Bientôt vingt longues années que les mordus de jeu de rôle s’enfilent des gelées dans Tales of. Si la saga n’a pas la notoriété ni les budgets du rouleau compresseur Final Fantasy, elle a su transposer et imposer mieux que personne la formule « shonen » qui fait vendre par palettes entières les One Piece et autres Naruto sur l’archipel et dans le monde entier. Héros grande gueule, mythologie élaborée et gameplay progressif nerveux constituent de fait les trois piliers qui ont permis à Tales of d’être l’étendard vidéo-ludique de la pop-culture nipponne. Les pieds dans le ciment, la série trop souvent jalousement gardée au Japon par son producteur Hideo Baba tente pourtant quelques inflexions rafraîchissantes à chaque épisode. On nous parlait de ségrégation et d’esclavage dans Symphonia quand Vesperia sur 360 distillait son message écolo comme un bon militant Greenpeace. Chaque itération est également l’occasion de renforcer le système de combat over-the-top de la licence, l’un des rares du jeu vidéo à étaler sa progression sur plus de cinquante heures afin de garder le joueur en haleine.
Le soldat Xillia 2 est quant à lui au garde-à-vous : casting vivifiant perclus de stéréotypes aimables, joutes explosives et aventures extravagantes s’y côtoient dans un bain de niaiserie bienveillante qui fout la gouache.

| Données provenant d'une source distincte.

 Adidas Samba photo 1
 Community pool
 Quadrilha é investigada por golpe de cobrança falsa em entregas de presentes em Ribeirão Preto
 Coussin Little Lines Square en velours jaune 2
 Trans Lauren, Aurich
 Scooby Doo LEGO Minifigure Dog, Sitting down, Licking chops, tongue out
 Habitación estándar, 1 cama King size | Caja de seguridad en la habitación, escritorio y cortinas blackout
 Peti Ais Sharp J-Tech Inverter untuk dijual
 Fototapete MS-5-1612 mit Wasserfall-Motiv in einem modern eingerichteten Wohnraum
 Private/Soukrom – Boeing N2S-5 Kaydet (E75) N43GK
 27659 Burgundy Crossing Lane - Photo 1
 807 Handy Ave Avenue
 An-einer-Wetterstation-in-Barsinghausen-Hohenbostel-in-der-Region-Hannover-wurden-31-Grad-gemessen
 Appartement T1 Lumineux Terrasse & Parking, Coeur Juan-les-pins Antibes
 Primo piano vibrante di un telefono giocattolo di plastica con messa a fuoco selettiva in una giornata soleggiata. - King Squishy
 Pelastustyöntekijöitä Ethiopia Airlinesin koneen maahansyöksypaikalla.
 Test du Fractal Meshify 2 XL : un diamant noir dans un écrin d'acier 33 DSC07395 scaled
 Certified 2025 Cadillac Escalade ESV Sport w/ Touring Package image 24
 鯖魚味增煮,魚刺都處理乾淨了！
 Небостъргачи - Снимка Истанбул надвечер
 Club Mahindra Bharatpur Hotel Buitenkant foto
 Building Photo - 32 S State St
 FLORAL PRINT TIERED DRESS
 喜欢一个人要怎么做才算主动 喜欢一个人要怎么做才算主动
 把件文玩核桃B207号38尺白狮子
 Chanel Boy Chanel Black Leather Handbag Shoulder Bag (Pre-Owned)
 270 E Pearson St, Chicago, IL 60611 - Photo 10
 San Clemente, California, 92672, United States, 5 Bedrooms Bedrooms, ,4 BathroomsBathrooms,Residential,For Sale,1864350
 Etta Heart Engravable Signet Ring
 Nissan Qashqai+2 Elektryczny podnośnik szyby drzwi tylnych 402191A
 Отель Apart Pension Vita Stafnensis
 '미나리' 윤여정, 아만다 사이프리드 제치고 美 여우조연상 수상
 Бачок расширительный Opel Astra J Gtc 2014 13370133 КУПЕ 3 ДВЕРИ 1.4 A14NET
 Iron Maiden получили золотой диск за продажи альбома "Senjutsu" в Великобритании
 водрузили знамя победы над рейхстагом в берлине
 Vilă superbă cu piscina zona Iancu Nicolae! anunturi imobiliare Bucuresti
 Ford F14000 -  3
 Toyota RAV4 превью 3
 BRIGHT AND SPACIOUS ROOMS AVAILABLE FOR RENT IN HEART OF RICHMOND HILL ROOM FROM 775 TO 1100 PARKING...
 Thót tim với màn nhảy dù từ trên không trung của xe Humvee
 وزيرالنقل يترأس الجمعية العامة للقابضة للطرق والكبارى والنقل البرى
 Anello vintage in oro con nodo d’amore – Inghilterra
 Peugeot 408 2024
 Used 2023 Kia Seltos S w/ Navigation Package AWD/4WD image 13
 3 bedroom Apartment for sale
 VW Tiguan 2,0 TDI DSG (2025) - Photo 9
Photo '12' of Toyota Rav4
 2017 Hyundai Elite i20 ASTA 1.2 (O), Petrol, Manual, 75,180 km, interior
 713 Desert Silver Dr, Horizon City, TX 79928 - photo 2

L’atmosphère jazzy assez inédite vient même rajouter le zeste qui marque la différence. Copie propre sur le papier. Pourtant quelque chose cloche. Le modèle sature. Le joueur sature.
Xillia 2, dernier héritier d’une tradition toute japonaise du « plus c’est mieux », se noie sous son contenu débilitant et son remplissage artificiel. Il tente bêtement de convaincre son audience que de sa boulimie d’activités qu’il tient de ses prédécesseurs et de zones à peu près ouvertes découle naturellement l’émerveillement. En réalité, les décors se suivent et se ressemblent, à peine auront-ils le droit à un changement de palette (et encore) et quelques effets météo. La fadeur des environnements accompagne leur exploration insignifiante, mais néanmoins obligatoire pour espérer se dépêtrer de l’avalanche de quêtes empruntées au MMO.
Car Xillia 2 ne fait pas que s’empêtrer bêtement en cherchant à honorer ses ainés (ou plutôt à servir d’encyclopédie froide de features), il va plus loin encore dans son insatiable monomanie pour le contenu. Dans un climat délétère pour une industrie japonaise en pleine crise d’identité, il a la prétention de vouloir assimiler en sus des éléments d’ici et d’ailleurs qui ne sont d’ordinaire pas dans le sillon du RPG traditionnel qu’il est censé représenter. La maladresse avec laquelle sont par exemple incorporées la liberté de mouvement du RPG occidental ou la densité du jeu de combat fait peine à voir. Ce maillage improbable et conflictuel des sensibilités qui s’effiloche à vue d’œil parasite irréversiblement le cœur « manga » de l’expérience ; lequel produit pourtant l’intensité pop exotique et délectable des Tales of. Epopées entraînantes et découvertes naïves sont ainsi évincées par quelques séances de farming et un héros muet aux grognements de basse-cour. Comment ne pas voir alors Xillia 2 comme l’épisode du trop-plein et de l’essoufflement ; celui qui prostitue sa saveur contre son héritage et un peu de celui des autres ?
Les tiraillements permanents de Xillia 2 sont une preuve que Tales of sature de sa propre accumulation de codes et souffre d’un mal-être japonais qui ne suscite pas les bonnes réponses. Plutôt que d’opérer une refonte de la formule en raccommodant et en modernisant ses grands principes, Bandai Namco choisit de perdre le joueur dans un pot-pourri illisible qui va jusqu’à gâcher la fluidité légendaire des gameplays de sa série. Ecartelé sur la place publique par une conjoncture économique et technique complexe pour le jeu vidéo nippon, Xillia 2 est le symptôme d’une mouvance qui doit se refonder pour perdurer. A croire que l’industrie du J-RPG a choisi d’ignorer les prouesses de Xenoblade.